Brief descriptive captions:
******************************
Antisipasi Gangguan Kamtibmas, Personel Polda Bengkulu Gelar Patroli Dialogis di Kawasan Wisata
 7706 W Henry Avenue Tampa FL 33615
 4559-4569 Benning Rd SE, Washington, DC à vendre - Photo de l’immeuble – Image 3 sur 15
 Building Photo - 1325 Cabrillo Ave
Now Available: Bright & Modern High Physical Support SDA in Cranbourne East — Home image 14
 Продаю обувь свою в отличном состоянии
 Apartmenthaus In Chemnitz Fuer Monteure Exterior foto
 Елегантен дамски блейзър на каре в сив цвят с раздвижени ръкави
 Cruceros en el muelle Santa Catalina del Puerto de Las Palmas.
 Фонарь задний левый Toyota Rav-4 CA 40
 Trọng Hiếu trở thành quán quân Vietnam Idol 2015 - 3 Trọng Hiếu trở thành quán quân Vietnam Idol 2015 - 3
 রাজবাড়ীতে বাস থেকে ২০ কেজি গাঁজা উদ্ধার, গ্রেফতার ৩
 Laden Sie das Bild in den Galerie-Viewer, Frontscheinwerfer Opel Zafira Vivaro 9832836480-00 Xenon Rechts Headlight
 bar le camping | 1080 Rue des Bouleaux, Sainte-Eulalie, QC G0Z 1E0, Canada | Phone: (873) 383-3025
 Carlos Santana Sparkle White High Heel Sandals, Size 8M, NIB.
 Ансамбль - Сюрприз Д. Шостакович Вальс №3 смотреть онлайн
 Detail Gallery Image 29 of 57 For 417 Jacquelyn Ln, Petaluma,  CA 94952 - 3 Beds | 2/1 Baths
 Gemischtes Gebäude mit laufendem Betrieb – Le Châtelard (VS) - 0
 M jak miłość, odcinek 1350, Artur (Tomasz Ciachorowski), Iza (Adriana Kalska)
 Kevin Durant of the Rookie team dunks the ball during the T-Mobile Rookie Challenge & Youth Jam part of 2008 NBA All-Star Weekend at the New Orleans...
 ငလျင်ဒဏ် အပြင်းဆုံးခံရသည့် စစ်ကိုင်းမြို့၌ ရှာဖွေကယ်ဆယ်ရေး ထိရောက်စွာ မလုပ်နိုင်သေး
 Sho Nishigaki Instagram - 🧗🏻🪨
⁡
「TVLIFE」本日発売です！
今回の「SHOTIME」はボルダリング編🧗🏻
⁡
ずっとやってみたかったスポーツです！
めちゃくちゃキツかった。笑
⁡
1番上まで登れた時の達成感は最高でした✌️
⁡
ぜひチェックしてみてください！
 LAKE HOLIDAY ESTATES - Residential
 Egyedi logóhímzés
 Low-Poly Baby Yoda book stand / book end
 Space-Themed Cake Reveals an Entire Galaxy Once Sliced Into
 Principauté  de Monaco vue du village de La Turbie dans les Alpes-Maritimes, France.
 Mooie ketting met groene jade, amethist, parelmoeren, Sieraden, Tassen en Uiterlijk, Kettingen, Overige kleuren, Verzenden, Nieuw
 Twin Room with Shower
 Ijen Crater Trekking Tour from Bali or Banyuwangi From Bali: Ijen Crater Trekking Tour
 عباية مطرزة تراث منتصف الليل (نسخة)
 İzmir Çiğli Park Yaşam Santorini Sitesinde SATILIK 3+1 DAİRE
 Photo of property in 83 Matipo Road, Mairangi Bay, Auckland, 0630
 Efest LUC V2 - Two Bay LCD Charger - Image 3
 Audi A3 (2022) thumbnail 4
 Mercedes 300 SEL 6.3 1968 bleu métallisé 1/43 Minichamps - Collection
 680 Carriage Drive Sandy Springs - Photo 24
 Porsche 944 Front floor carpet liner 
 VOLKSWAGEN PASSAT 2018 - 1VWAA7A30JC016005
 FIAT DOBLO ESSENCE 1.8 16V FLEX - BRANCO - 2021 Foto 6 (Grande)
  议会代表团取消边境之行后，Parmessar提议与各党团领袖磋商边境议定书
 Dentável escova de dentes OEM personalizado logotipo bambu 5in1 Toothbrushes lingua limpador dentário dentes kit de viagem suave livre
******************************
### DIRECTIONS
Set down all of the entries exactly, please.

### SOLUTION TO THE EXERCISE
Antisipasi Gangguan Kamtibmas, Personel Polda Bengkulu Gelar Patroli Dialogis di Kawasan Wisata
 7706 W Henry Avenue Tampa FL 33615
 4559-4569 Benning Rd SE, Washington, DC à vendre - Photo de l’immeuble – Image 3 sur 15
 Building Photo - 1325 Cabrillo Ave
Now Available: Bright & Modern High Physical Support SDA in Cranbourne East — Home image 14
 Продаю обувь свою в отличном состоянии
 Apartmenthaus In Chemnitz Fuer Monteure Exterior foto
 Елегантен дамски блейзър на каре в сив цвят с раздвижени ръкави
 Cruceros en el muelle Santa Catalina del Puerto de Las Palmas.
 Фонарь задний левый Toyota Rav-4 CA 40
 Trọng Hiếu trở thành quán quân Vietnam Idol 2015 - 3 Trọng Hiếu trở thành quán quân Vietnam Idol 2015 - 3
 রাজবাড়ীতে বাস থেকে ২০ কেজি গাঁজা উদ্ধার, গ্রেফতার ৩
 Laden Sie das Bild in den Galerie-Viewer, Frontscheinwerfer Opel Zafira Vivaro 9832836480-00 Xenon Rechts Headlight
 bar le camping | 1080 Rue des Bouleaux, Sainte-Eulalie, QC G0Z 1E0, Canada | Phone: (873) 383-3025
 Carlos Santana Sparkle White High Heel Sandals, Size 8M, NIB.
 Ансамбль - Сюрприз Д. Шостакович Вальс №3 смотреть онлайн
 Detail Gallery Image 29 of 57 For 417 Jacquelyn Ln, Petaluma,  CA 94952 - 3 Beds | 2/1 Baths
 Gemischtes Gebäude mit laufendem Betrieb – Le Châtelard (VS) - 0
 M jak miłość, odcinek 1350, Artur (Tomasz Ciachorowski), Iza (Adriana Kalska)
 Kevin Durant of the Rookie team dunks the ball during the T-Mobile Rookie Challenge & Youth Jam part of 2008 NBA All-Star Weekend at the New Orleans...
 ငလျင်ဒဏ် အပြင်းဆုံးခံရသည့် စစ်ကိုင်းမြို့၌ ရှာဖွေကယ်ဆယ်ရေး ထိရောက်စွာ မလုပ်နိုင်သေး
 Sho Nishigaki Instagram - 🧗🏻🪨
⁡
「TVLIFE」本日発売です！
今回の「SHOTIME」はボルダリング編🧗🏻
⁡
ずっとやってみたかったスポーツです！
めちゃくちゃキツかった。笑
⁡
1番上まで登れた時の達成感は最高でした✌️
⁡
ぜひチェックしてみてください！
 LAKE HOLIDAY ESTATES - Residential
 Egyedi logóhímzés
 Low-Poly Baby Yoda book stand / book end
 Space-Themed Cake Reveals an Entire Galaxy Once Sliced Into
 Principauté  de Monaco vue du village de La Turbie dans les Alpes-Maritimes, France.
 Mooie ketting met groene jade, amethist, parelmoeren, Sieraden, Tassen en Uiterlijk, Kettingen, Overige kleuren, Verzenden, Nieuw
 Twin Room with Shower
 Ijen Crater Trekking Tour from Bali or Banyuwangi From Bali: Ijen Crater Trekking Tour
 عباية مطرزة تراث منتصف الليل (نسخة)
 İzmir Çiğli Park Yaşam Santorini Sitesinde SATILIK 3+1 DAİRE
 Photo of property in 83 Matipo Road, Mairangi Bay, Auckland, 0630
 Efest LUC V2 - Two Bay LCD Charger - Image 3
 Audi A3 (2022) thumbnail 4
 Mercedes 300 SEL 6.3 1968 bleu métallisé 1/43 Minichamps - Collection
 680 Carriage Drive Sandy Springs - Photo 24
 Porsche 944 Front floor carpet liner 
 VOLKSWAGEN PASSAT 2018 - 1VWAA7A30JC016005
 FIAT DOBLO ESSENCE 1.8 16V FLEX - BRANCO - 2021 Foto 6 (Grande)
  议会代表团取消边境之行后，Parmessar提议与各党团领袖磋商边境议定书
 Dentável escova de dentes OEM personalizado logotipo bambu 5in1 Toothbrushes lingua limpador dentário dentes kit de viagem suave livre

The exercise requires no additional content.